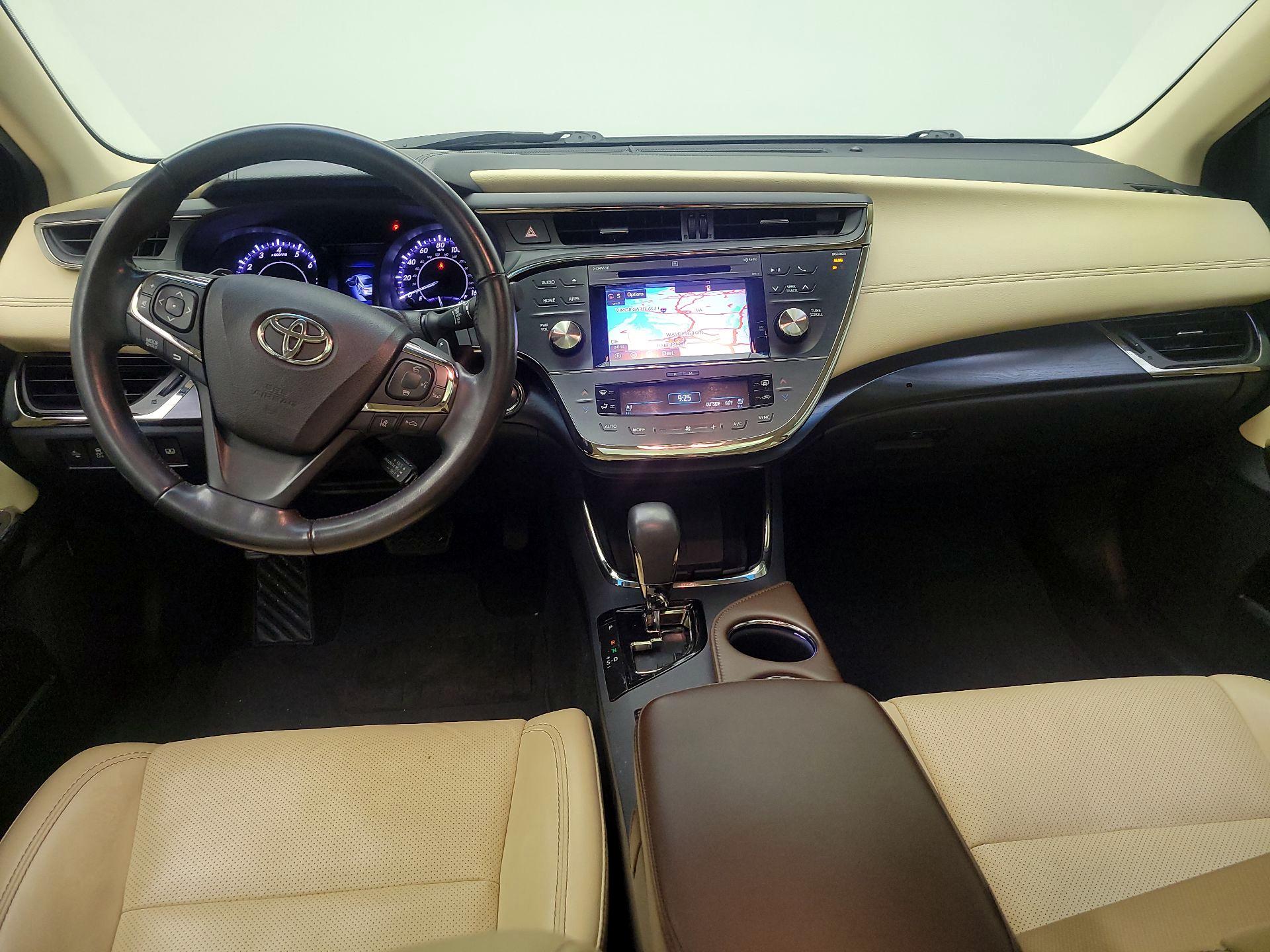 Thumbnail: 2017 Toyota Avalon - 8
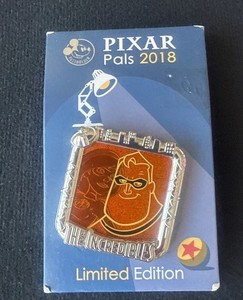 Disney Pixar Pals 2018 Passholder AP Incredibles Pin LE Mr. & Mrs. Incredible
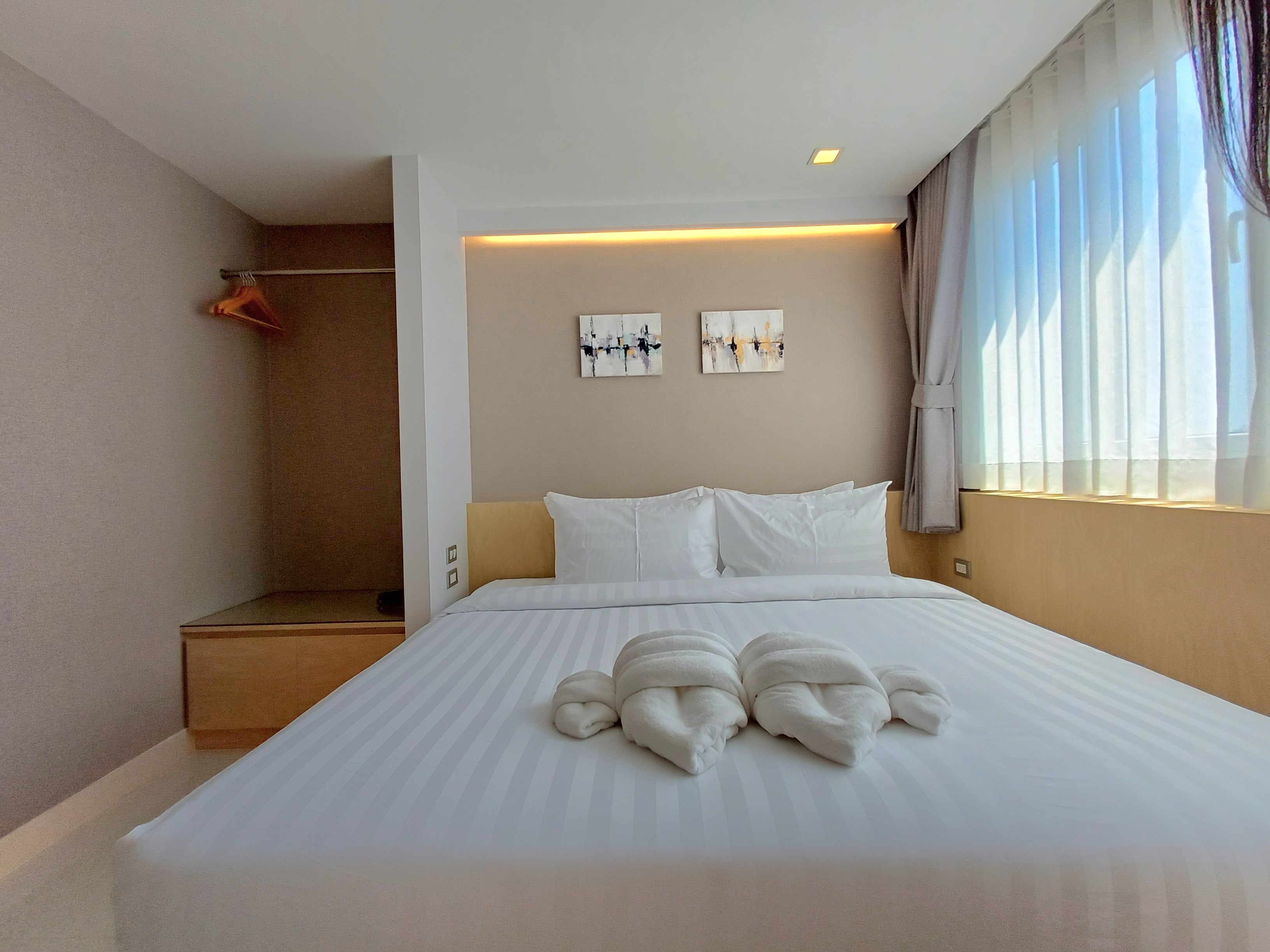 Brand New modern decoration 3 beds 3 baths in Pratamnak for RENT photo 46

■ **REQUIRED WORK**
Restate the data word for word and exclude every picture.

■ **ANSWER SECTION**
 Thumbnail: 2017 Toyota Avalon - 8
 Disney Pixar Pals 2018 Passholder AP Incredibles Pin LE Mr. & Mrs. Incredible
 Brand New modern decoration 3 beds 3 baths in Pratamnak for RENT photo 46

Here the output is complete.